(EXERCISE INSTRUCTIONS) Only one span of the listing below is wanted: the lines from the one with "bosque, Valle, Montay" through the one with "Cape Town: Shark", reproduced exactly, both ends kept.

(SUPPLIED INFORMATION)
+-------+
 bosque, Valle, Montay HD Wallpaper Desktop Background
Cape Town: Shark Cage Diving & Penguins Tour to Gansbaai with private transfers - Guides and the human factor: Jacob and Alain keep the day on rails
+-------+
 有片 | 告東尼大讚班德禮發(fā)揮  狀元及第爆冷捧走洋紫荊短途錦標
+-------+
(FINISHED TASK)
 bosque, Valle, Montay HD Wallpaper Desktop Background
Cape Town: Shark Cage Diving & Penguins Tour to Gansbaai with private transfers - Guides and the human factor: Jacob and Alain keep the day on rails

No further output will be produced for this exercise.